» WORK REQUIRED
Take the line with "Kleinman Plastic Surgery" and every line after it in the entries below, and set them down exactly, without any pictures.

Saved entries:
________________________
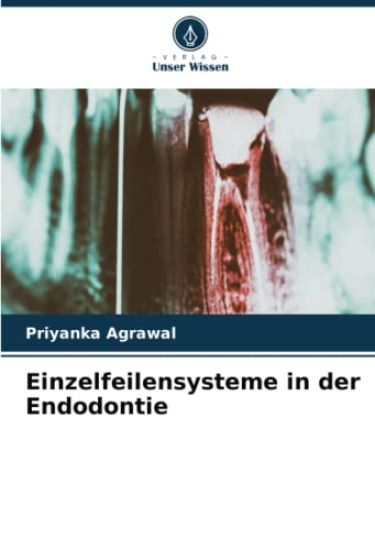 Einzelfeilensysteme in der Endodontie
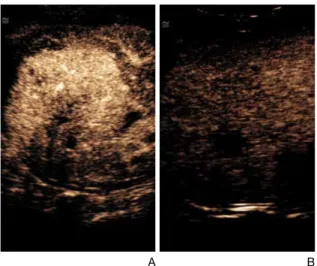 Figure 1.  Contrast-enhanced sonography of hepatocellular carcino- carcino-ma. (A) Arterial phase image obtained 16 seconds after the injection  of contrast material shows increased enhancement of the tumor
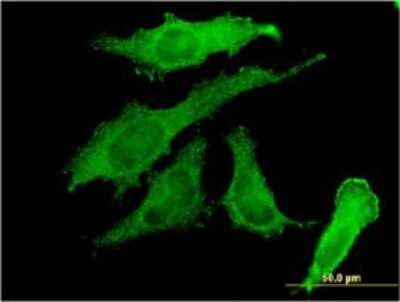 Immunocytochemistry/ Immunofluorescence: RBPMS Antibody (1C12) [H00011030-M03]
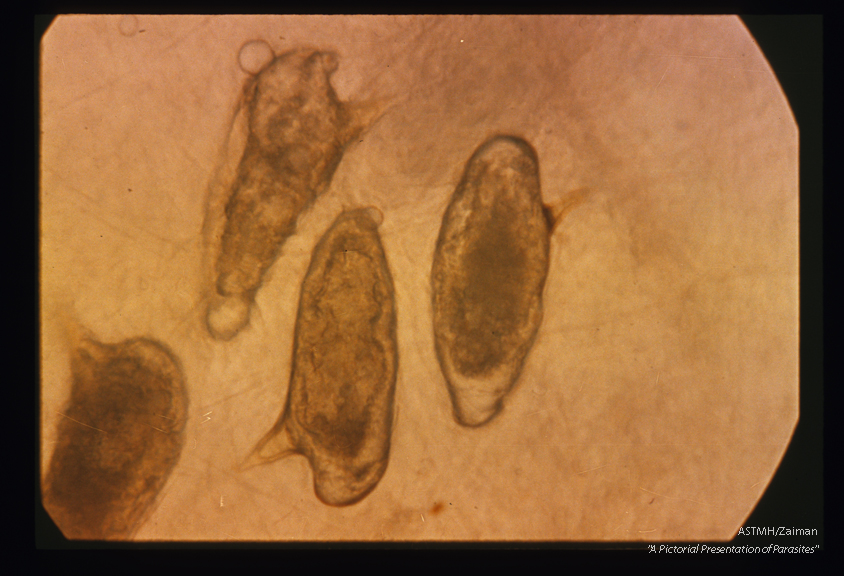 Eggs in press preparation. These eggs contain larvae and are apparently older than those in slide 80.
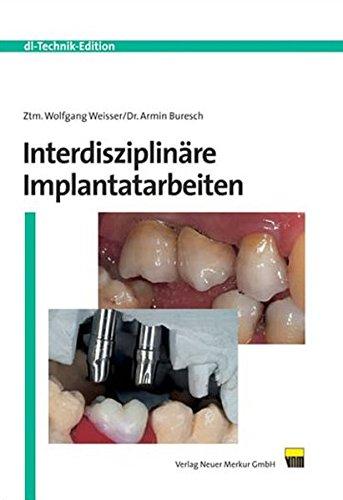 Interdisziplinäre Implantatarbeiten (DL Technik)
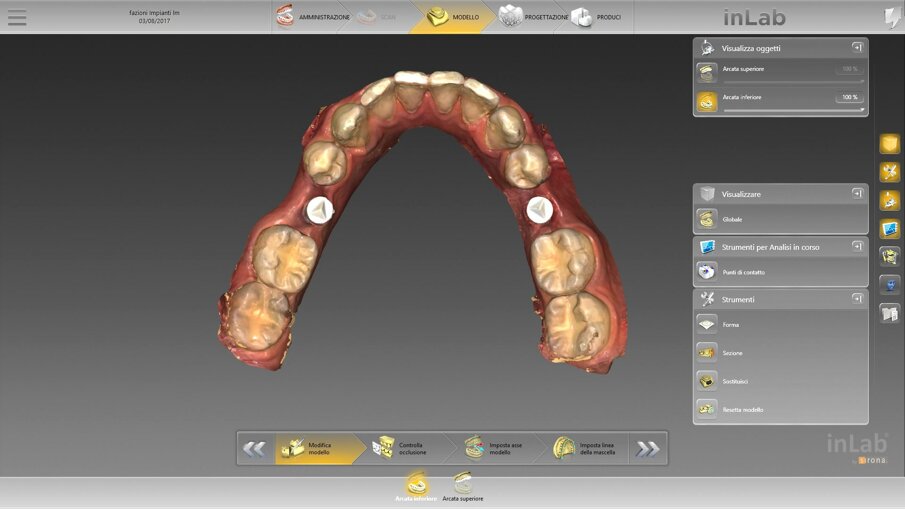 Fig. 10_Il rendering con il software Dentsply Sirona inLab.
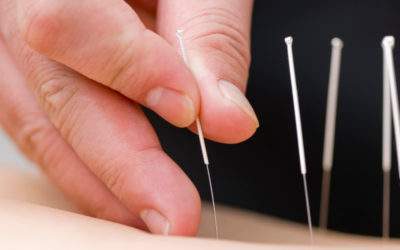Acupuncture for Kids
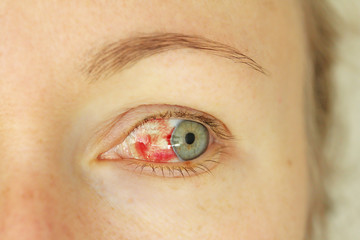 Bloodshot eye. Woman with burst blood vessel in eye. Very red bloody eyeball. Bleeding damage in...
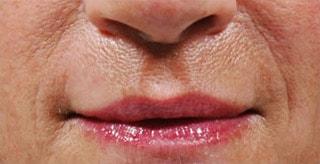 Kleinman Plastic Surgery lip filler after — Harrison, NY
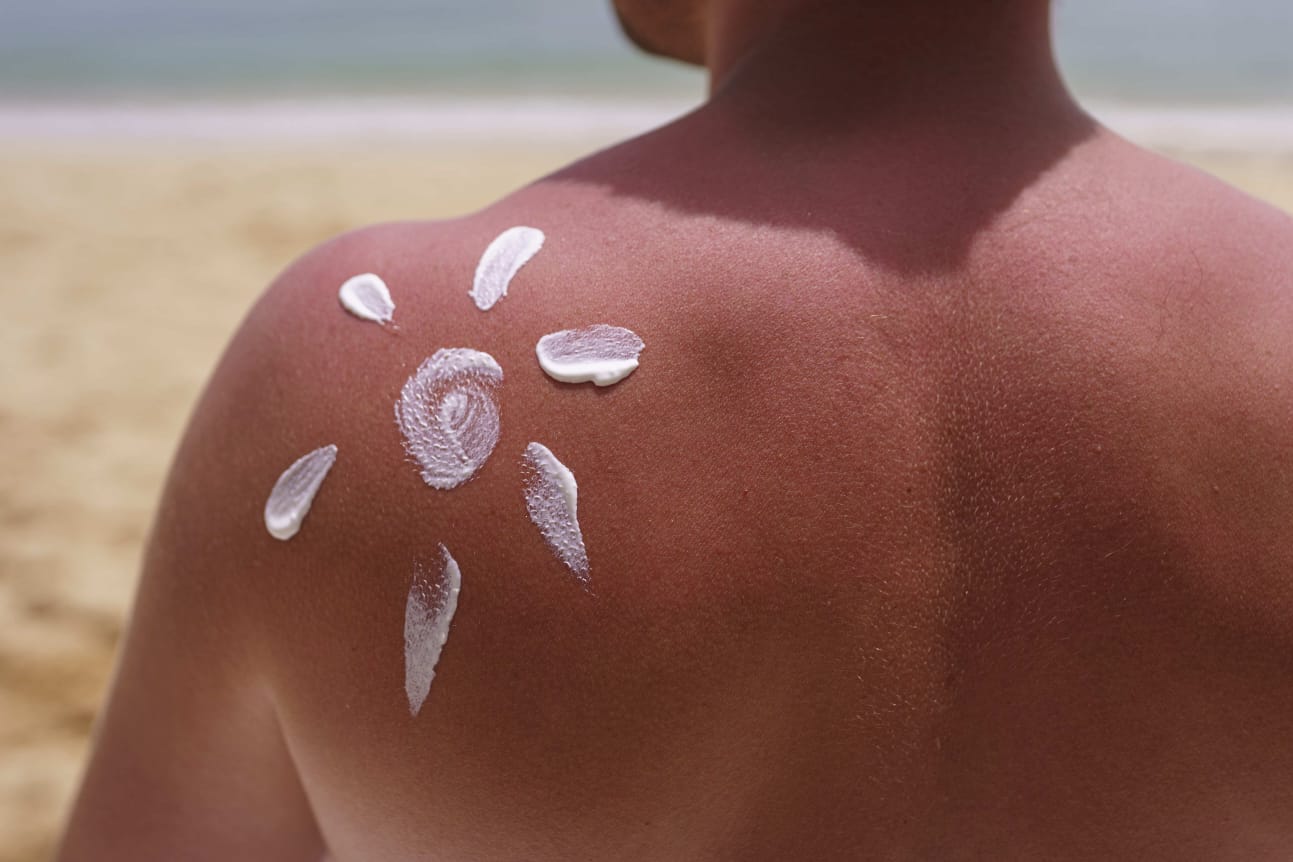 Carnaval - saiba como prevenir os efeitos do Sol na praia ou nos bloquinhos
________________________
» RESPONSE FOR THIS EXERCISE
 Kleinman Plastic Surgery lip filler after — Harrison, NY
 Carnaval - saiba como prevenir os efeitos do Sol na praia ou nos bloquinhos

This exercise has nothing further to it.